Is this a symbolic event?

We have to ask ourselves whether this event is symbolic of something greater than itself. What, if anything, does it ‘say’ to us? How are we to understand this moment in time, when the central figure captured by camera on multiple media channels is a mythological character, dressed as a Shaman? Jake Angeli, known as QAnon’s Shaman, takes centre stage in the takeover of a building that in many ways could be held up as global symbol and archetype of democratic freedom. Is there a ‘sign of the times’ to be understood?

Some of you reading this article may not have heard of QAnon or Jake Angeli. QAnon is a conspiracy theory with hundreds of thousands, if not millions, of followers. In brief, the QAnon believers are convinced that the world is run by a Satanic group of paedophiles that includes top Democrats and Hollywood elites, and that President Trump has spent years leading a top-secret mission to bring these evildoers to justice. Their followers were told that Trump would be re-elected with a landslide vote and that a coming “storm” would expose the global paedophile ring and bring its leaders to justice. Jake Angeli, (born Jacob Anthony Angeli Chansley), is a self-initiated Shaman for the QAnon movement.
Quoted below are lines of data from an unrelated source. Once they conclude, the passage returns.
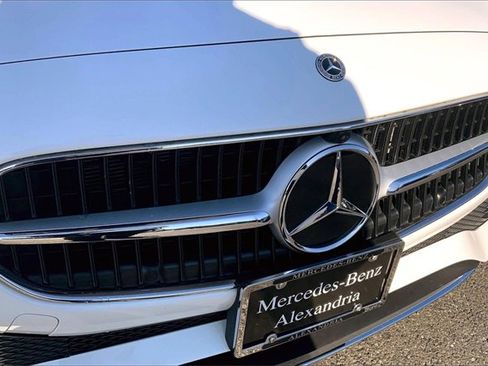 Used 2025 Mercedes-Benz C 300 4MATIC Sedan image 27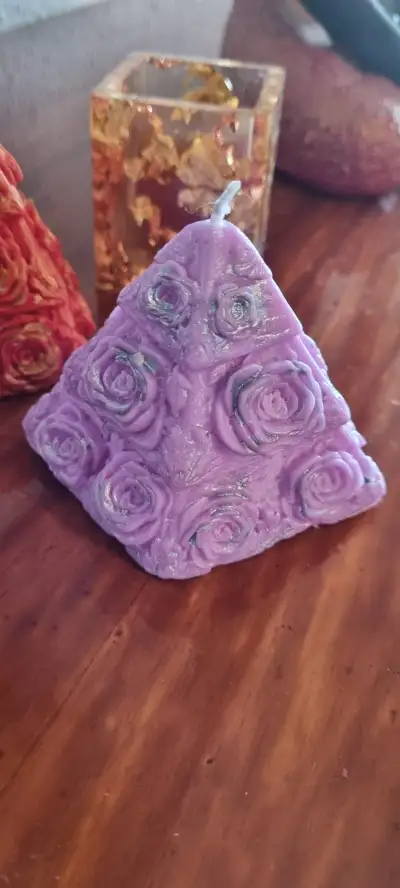 Vela Pirámide mini4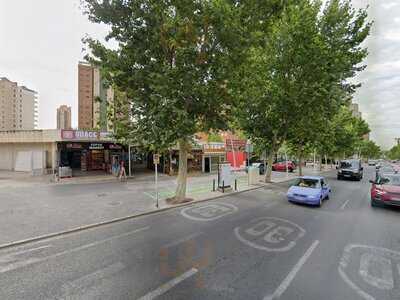 Florentine Salon De Te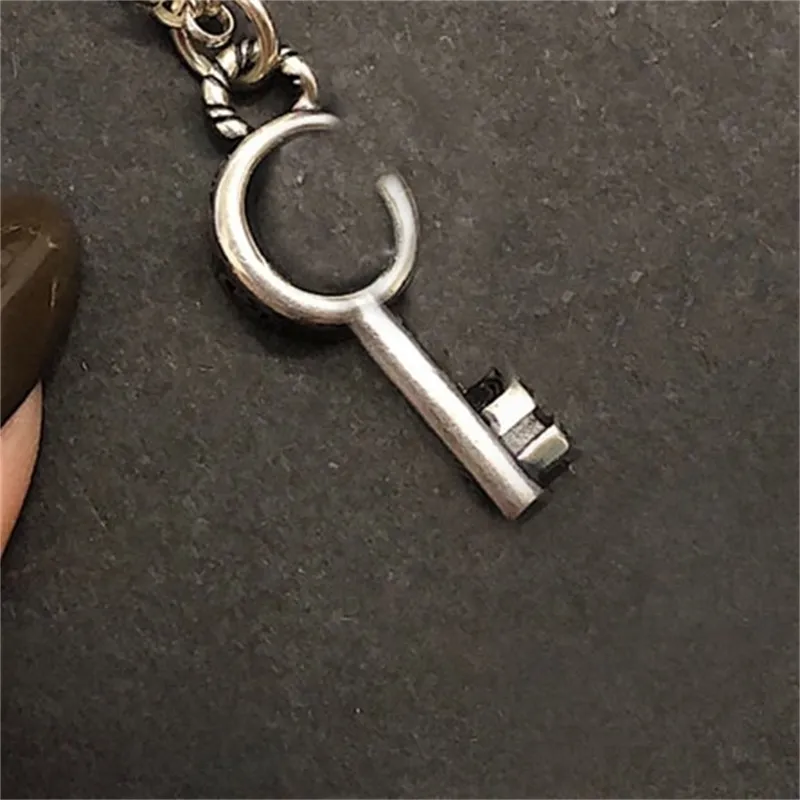 Nyckeldesigner halsband dubbel bokstav g lyxhalsband för män sval fast färg tunt kreativ form charmig pläterad silverhänge186f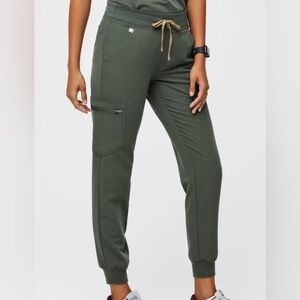 🎉NWT Figs Zamora Joggers Size S Moss Green!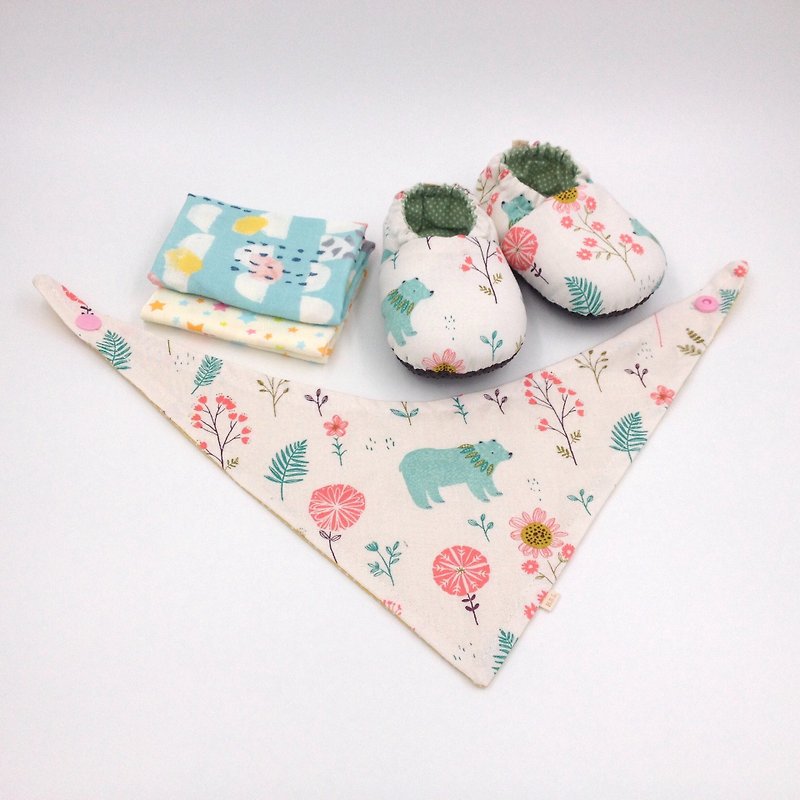 Leaf Green Bear - Mi Yue Gift Box (toddler shoes / baby shoes / baby shoes + 2 handkerchief + scarf) - ของขวัญวันครบรอบ - ผ้าฝ้าย/ผ้าลินิน หลากหลายสี
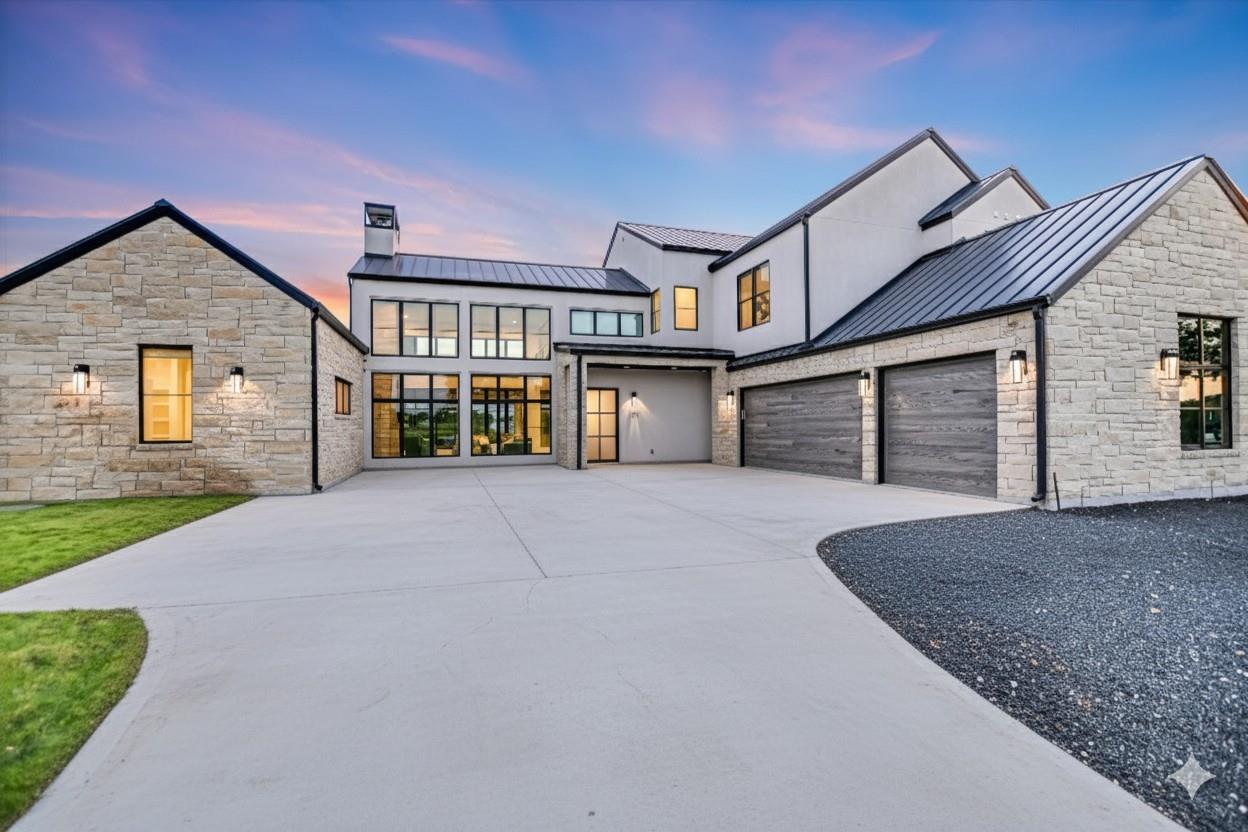 209 Houdini Way, Kingsland, TX 78639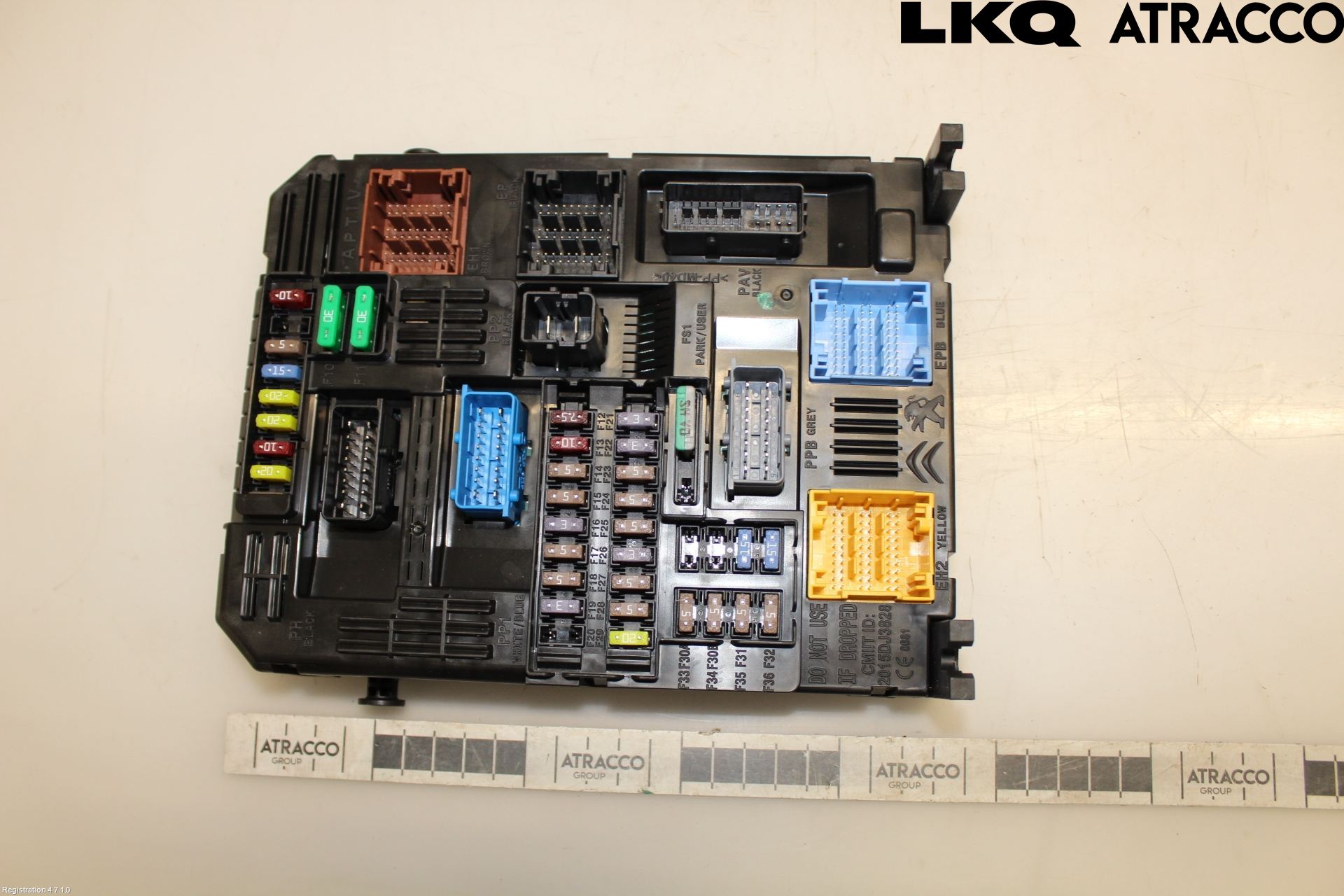 9832880380 : Fuse box - Autoparts24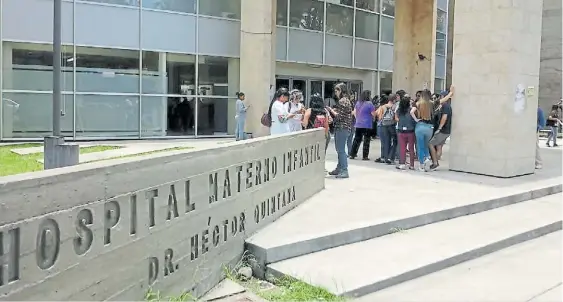  ??  ?? Expectativ­a y polémica. En la puerta del Hospital Materno Infantil de Jujuy se concentrar­on tanto grupos “Pro vida” como “Pro aborto legal”.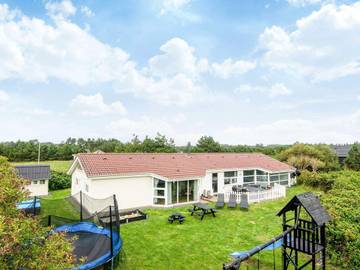 Ferienhaus für 10 Personen in Vejers Strand, Dänemark an der Nordsee, Bild 1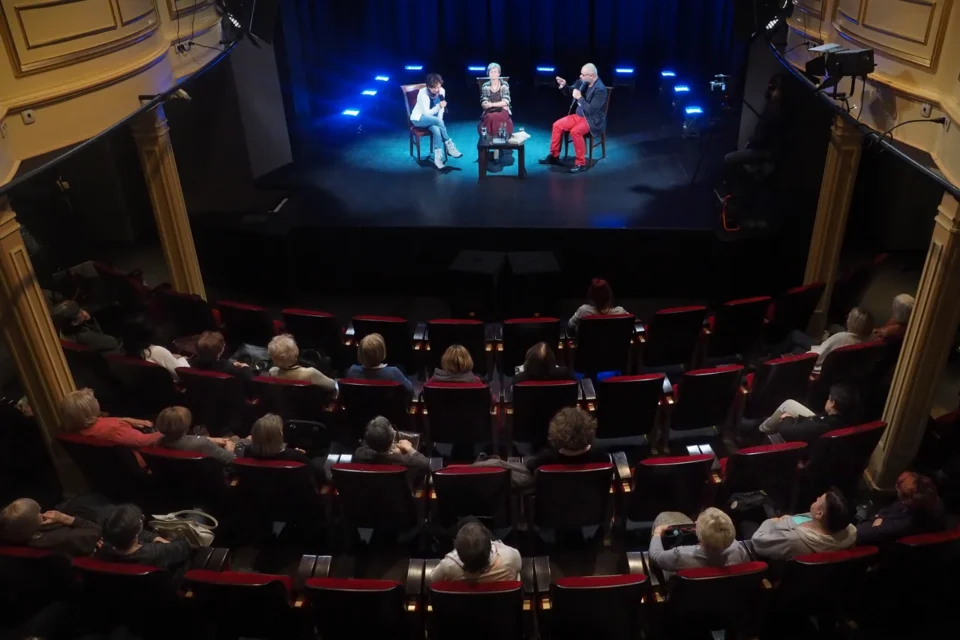 18 10 2016 LUBLIN UL JEZUICKA TEATR STARY BITWA O LITERATURE - GORA TOMASZA MANA . PROWADZENIE : LUKASZ DREWNIAK . GOSCIE :MALGORZATA SIKORSKA - MISZCZUK I MALGORZATA LUKASIEWICZ  FOT WOJCIECH NIESPIALOWSKI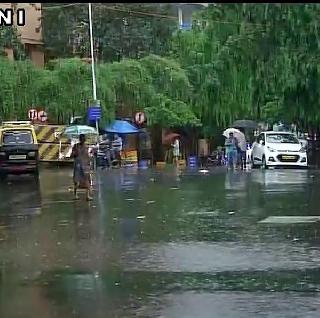 Heavy rains in Mumbai, the Central Railway is delayed | मुंबईत पावसाची दमदार हजेरी, मध्य रेल्वे उशिराने Heavy rains in Mumbai, the Central Railway is delayed | मुंबईत पावसाची दमदार हजेरी, मध्य रेल्वे उशिराने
He’s also an actor and an activist.

We should also note that QAnon adherents also played a critical role in spreading misinformation about voter fraud, many are being barred by social media platforms and American police are treating the movement as a potential domestic extremist threat.

What can we learn from what we have seen?

The potential outcomes to this question are innumerable. I want to offer just three observations, all of which highlight some of humanity’s basics needs that are met by an encounter with the Gospel of Jesus.

A need for a transcendent reality

On Capitol Hill the IRRATIONAL collided with the RATIONAL. Apparent to everyone watching, orderly, democratic government procedure was taken over by a mob, allegedly incited by Trump, and led by this central figure, the QAnon ‘Shaman’. The radicalised mythological, empowered by conspiritual theory (spelling and pun intended), confronts the governing powers of Western democracy. In that moment it felt like we had stepped back in time and what was unveiled before us seemed to take the form of a story from the Middle Ages. A type of tribalism, spiritually charged with a mantra, salvific in nature, calling for the cleansing of America, for the exposure of unrighteousness and for judgement to be served on those it deemed profaners.

This episode, the like of which we would have previously deemed impossible, played out before our eyes. Perhaps one of the things it tell us is that humans cannot live by rational consciousness alone and that many are searching for something that transcends reason and logic. Faith, in all its forms, addresses the issues beyond the scope of what is considered rational. The human soul longs for something ‘beyond’, something transcendent, elements of which, undoubtedly will defy augmentation. Hope, for example, is not purely fixed in the cogent logic of science. I think this incident illustrates so clearly that there remains a search for the ‘significant other’, something beyond well-reasoned pluralism and the moral relativism of our day.

The Gospel addresses these issues. Jesus himself says ‘man shall not live by bread alone but by every word that comes from the mouth of God’. The passage continues and he goes on to say that he is the ‘bread come down from heaven’. His declaration doesn’t deny material reality in favour of the mystical, instead he conjoins both realities. Bread on your plate is essential, but it’s not just your body that needs nourishing, so does your soul. Faith without reason leads to superstition, while reason without faith leads to nihilism and relativism. The Gospel hold both in perfect tension.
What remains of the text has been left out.